Since I read The Marvel Saga: the Official History of the Marvel Universe #16, I was convinced that the obscure X-Men villain Lucifer, who dressed like Magneto and crippled Professor X, would prove to be the notorious '90s archfoe Onslaught. Decades on, what did Onslaught even do? Send a bunch of classic Marvel heroes on a vacation to Image Comics? What also sucked was that Onslaught was wholly from the X-office, but all he did of real note impacted the Avengers, the Fantastic Four, and Hulk. Would a villain like Lucifer, who fought the X-Men and Avengers in their first meeting, have been a more legit option? Certainly better than Professor X turning evil, again. Anyway, most of the rest of this issue just continued or resolved ongoing story arcs. Dormammu's origin is covered with then-recent Paul Smith art, mingled with older Ditko and Colan material involving Clea.

Marvel Tales Starring Spider-Man #197 got me back by combining the Chris Claremont/John Byrne team with Iron Fist, the character with whom their collaboration had begun. I mean, I didn't know that back then-- I just thought Byrne drew Iron Fist better than anyone else, which was true if the other name in the hat wasn't Kerry Gammill. Plus, this one featured Steel Serpent, at a time when dark mirrors were still wired instead of tired. Since '70s comics ran short, there was a new Bob Layton Hercules 5-pager with his trans-curious Skrull sidekick. Same 7-11 as the Marvel Fanfare, though probably not in the same week.

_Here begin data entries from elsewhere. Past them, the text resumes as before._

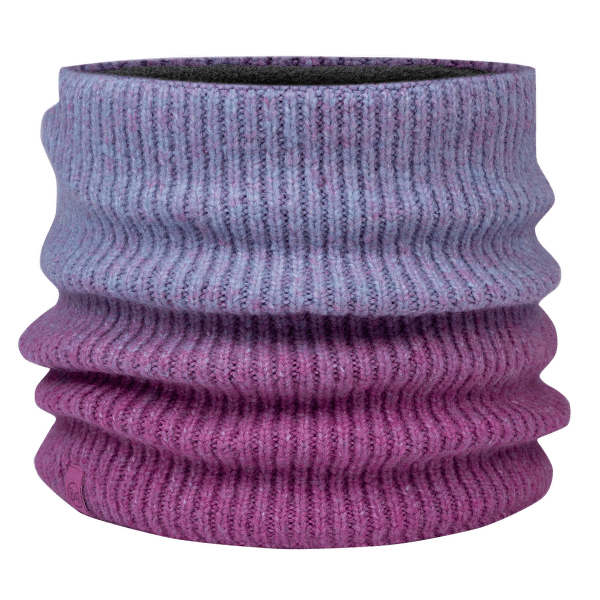Cache-cou Buff Knitted & Fleece Neckwarmer Marin MARIN ORCHID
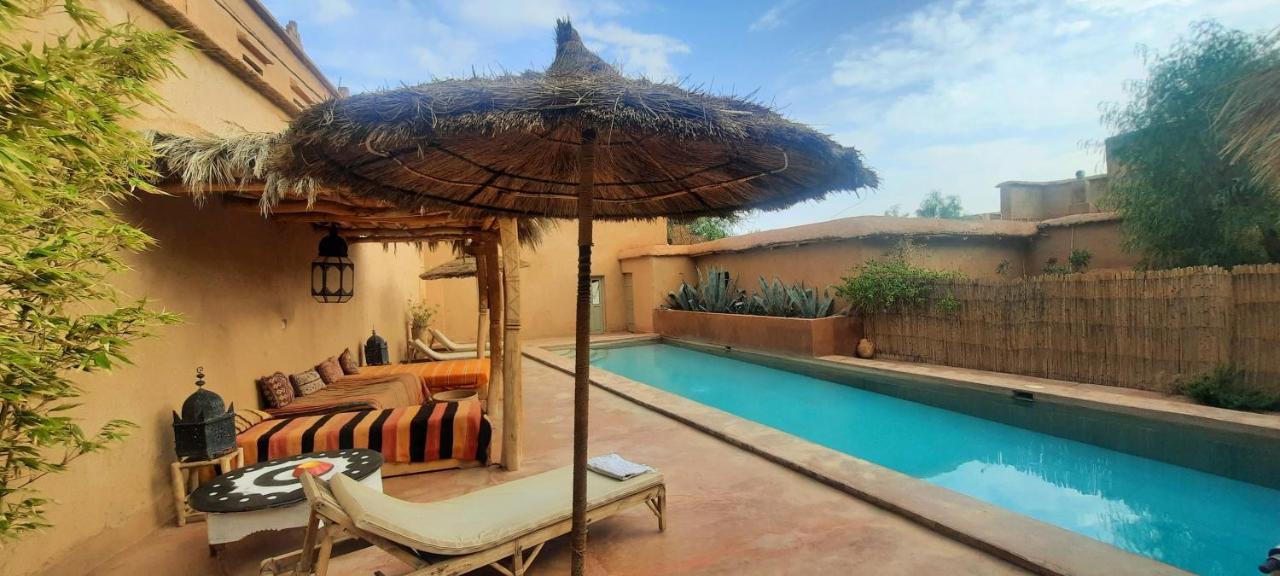 Maison D'Hotes Irocha Tisseldeï Exterior foto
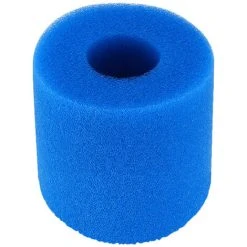 HAPPYSHOPPING Filtre De Piscine, Eponge De Filtre En Mousse De Nettoyage De Piscine Eponge Bleue 93 * 30 * 102 MM -Pompe et filtre de piscine Soldes 28566549 5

Pepe Moreno doesn't just happen to ink The 'Nam #4. It's a choice, and I'd argue a bad one. The story is solid-- another instance of Top Kick putting men in harm's way in service to his own agenda, and the consequences of that decision in the presence of a news crew. Michael Golden has clearly put everything down on the page, but Moreno's style is simply incompatible, and his embellishments dilute rather than enhance. I liked the story fine, but every turn of the page was a reminder of that compromise.

I really wasn't into Uncanny X-Men #215 at the time. I didn't care about a two-part solo Storm story versus some dorky fake World War II-era super-heroes drawn by Alan Davis. I didn't realize that the X-Men were peaking for the time being, and that as I gained a political consciousness, their "law and order" murder games would prove more relevant and timeless than I could have feared in that period. But also, it's still weird that they tried to do anything with the Crimson Commando after this. These characters are too disturbing.